April 22 (Bloomberg) -- H7N9 bird flu may have infected twice as many people as the 103 cases reported, an analysis by researchers at the University of Hong Kong showed.
There may be 90 to 120 ill adults who haven’t been detected because their infections are mild, Benjamin Cowling, associate professor at the university’s public health research center, said today. The researchers’ analysis suggests risk of serious illness from the virus rises substantially with age, with more than half of reported cases age 60 or older, he said.
Flu specialists including those from the World Health Organization are investigating how people are catching the H7N9 virus, with no evidence yet of sustained human-to-human transmission. Disease trackers haven’t been able to figure out why another deadly bird flu strain known as H5N1 afflicts mostly younger people in their 20s and 30s, while H7N9 mainly targets the elderly.
“One thing that is very striking is the age distribution of the cases,” Cowling said at a briefing at the university’s medical school today. “They’re very different from the confirmed infections of H5N1.”
The estimates were derived from a model using publicly available data, said Gabriel Leung, director of the university’s public health center.

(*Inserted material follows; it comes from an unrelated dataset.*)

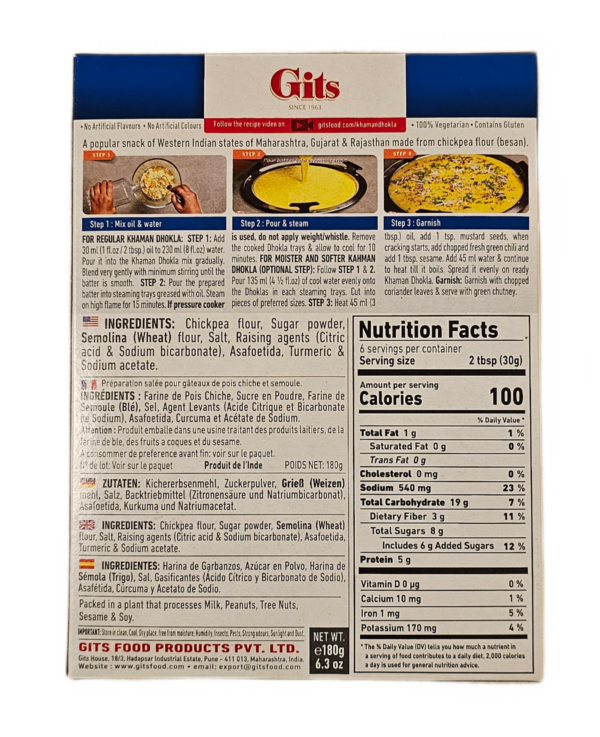 Gits, Insatnt Mix, Ready to Eat, Gits Khaman Dhokla Mix 180 Gm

Further studies will be conducted, the researchers said.
The WHO is still assessing the H7N9 outbreak and investigations haven’t proved any transmission from person to person, Keiji Fukuda, the Geneva-based agency’s assistant director-general for health security and environment, said at a briefing in Shanghai today.
Twenty people have died among the 103 H7N9 cases reported by China. A majority of the patients are in eastern China, with Shanghai and Zhejiang province having the most cases among regions there.